In case you were wondering, here’s another sign of the Google Cloud Vs Amazon Web Services war heating up. Google has now brought in the big guns in the analytical data warehousing space with by embedding machine learning capabilities into Google BigQuery. Google BigQuery is an analytics service, low-cost enterprise data warehouse which has now been rebranded as BigQuery ML.
One of the key features of BigQuery is that it transforms SQL queries into complex execution plans, dispatching them onto execution nodes to promptly provide insights into the data. BigQuery enables developers to execute SQL as a massively parallel processing query with hundreds of CPU cores and ample disk storage, scanning and aggregating terabytes of data in seconds. BigQuery ML, a capability inside BigQuery enables analysts and data scientists to build and deploy ML models on massive structured or semi-structured datasets.
Dremel Technology Is The Key
At a time when Hadoop was facing intense competition, Google released beta access to BigQuery, a new SQL processing system based on Dremel technology, a distributed query engine in 2011. And BigQuery provides the core set of features available in Dremel to third-party developers. A key point of Dremel technology was its cost-to-value ratio. It can scan 35 billion rows without an index in tens of seconds and there is no capital expenditure required on the user’s part for the supporting infrastructure, a technical paper reveals.
Dremel, the cloud-powered massively parallel query service, is immensely popular among developers, Amazon Redshift remains the leader in data warehouse space in terms of performance, cost and usability. Even though they are both columnar data warehouses, BigQuery scores in its Tree Architecture of Dremel which is used for dispatching queries and aggregating results across thousands of machines in a few seconds. Both Amazon Redshift and BigQuery are based on columnar storage, which makes them best for analytics workload, as opposed to relational databases like Postgres and MySQL.
Are The ML Capabilities Giving An Advantage Over Traditional Data Warehouses?
Since ML requires programming and knowledge of ML frameworks, it keeps data analysts out and restricts the use of ML to a small set of users, mainly data scientists. Now, BigQuery ML enables data analysts to leverage ML through existing SQL tools and skills. Analysts can use BigQuery ML to build and evaluate ML models in BigQuery. Since queries can be done directly against the BigQuery database, no additional extract, transform, and load (ETL) tools are required, Rajan Sheth, senior director of Product Management at Google said during the Google Next 2018 conference.
Cleaning And Preprocessing Data In SQL: Users can create ML models in BigQuery with SQL queries. For example, if analysts want to train a logistic regression model, they can do directly in BigQuery ML, which means you can slice your data and also explore different processing options. One user on a forum pointed out that in most cases, developers don’t require to train neural networks, especially for structured data. In this case, cleaning and preprocessing data is relatively smooth in SQL.

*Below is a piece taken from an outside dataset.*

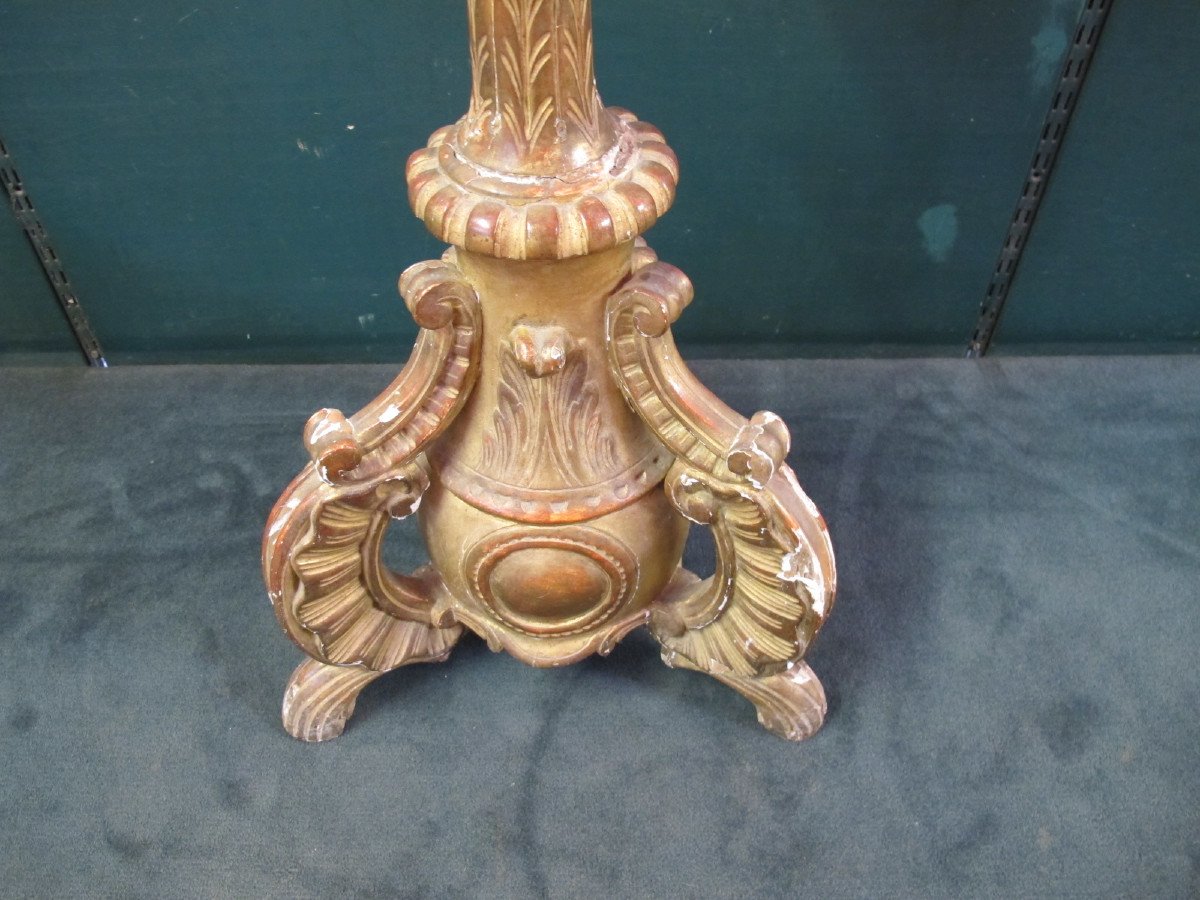 18th Century Gilded Wood Candlestick-photo-3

More Power To Data Analysts: It gives more power to data analysts who know SQL but don’t have much knowledge of ML frameworks to develop models without any programming knowledge or leveraging additional tools.

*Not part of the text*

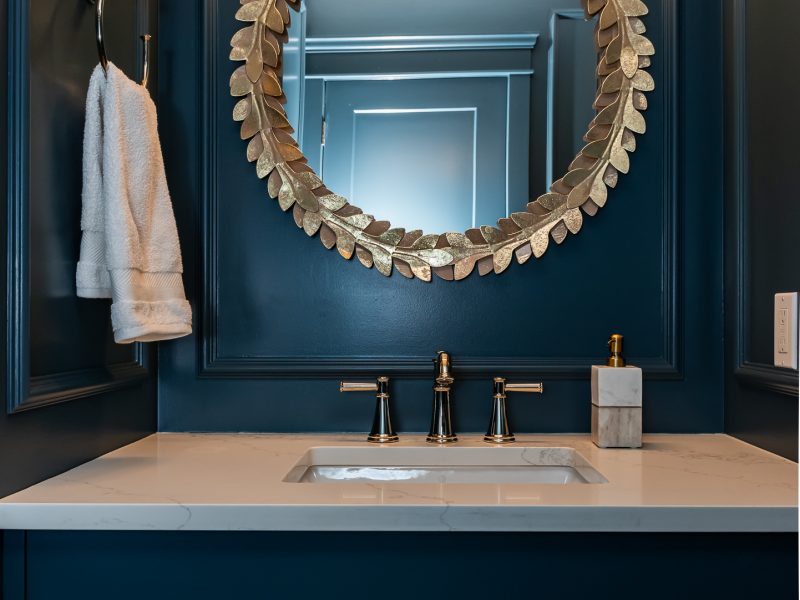 Moody colour drench Blue Powder Room with picture frame moulding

Democratises ML: BigQuery ML democratises ML by allowing developers to build models using their existing tools and to increase development speed by eliminating the need for data movement.

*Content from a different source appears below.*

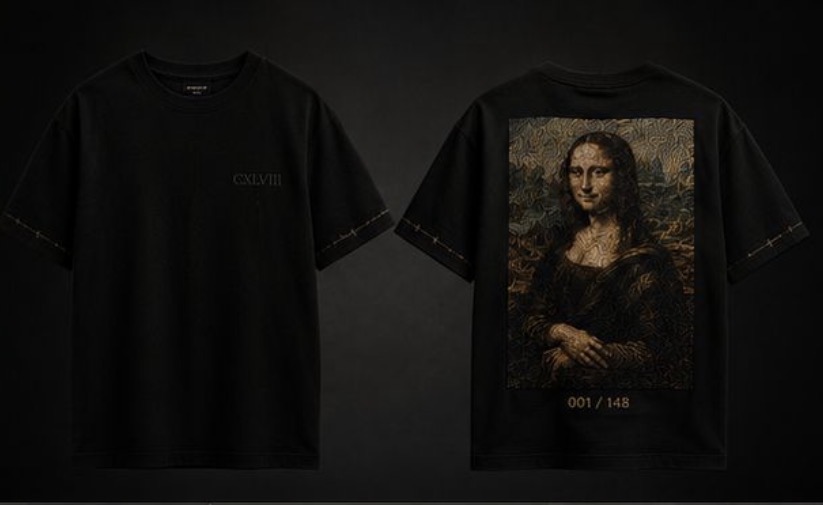CXLVIII black T-shirt shown from front and back, featuring a Mona Lisa artwork and edition number 001 / 148.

Reduced Waiting Time: BigQuery ML significantly increases the speed of model development by eliminating the function of exporting data from the data warehouse. Instead, BigQuery ML brings ML to the data. Analysts no longer need to export small amounts of data to spreadsheets or other applications. Also, the documentation emphasises there is no need to program an ML solution using Python or Java. Models are trained and accessed in BigQuery using SQL — a language data analysts know. Since BigQuery is designed to run queries on Big Data in as little as a few seconds, it is best suited for querying for large datasets. However, currently, BigQuery ML only supports two types of models — linear regression for forecasting and logistic regression used for classification purpose.
Of late, Google BigQuery has emerged as the next viable option after Amazon RedShift, and it is suitable for both OLAP and BI use cases. In fact, 20th Century Fox tested the beta to understand its movie marketing data by running a SQL query for audience analysis, that was appended with a “create model” statement. Google BigQuery ML returned a linear regression model against the query, thereby effectively predicting who would want to see a soon to be released movie. This data was used to reformulate the media planning for the movie.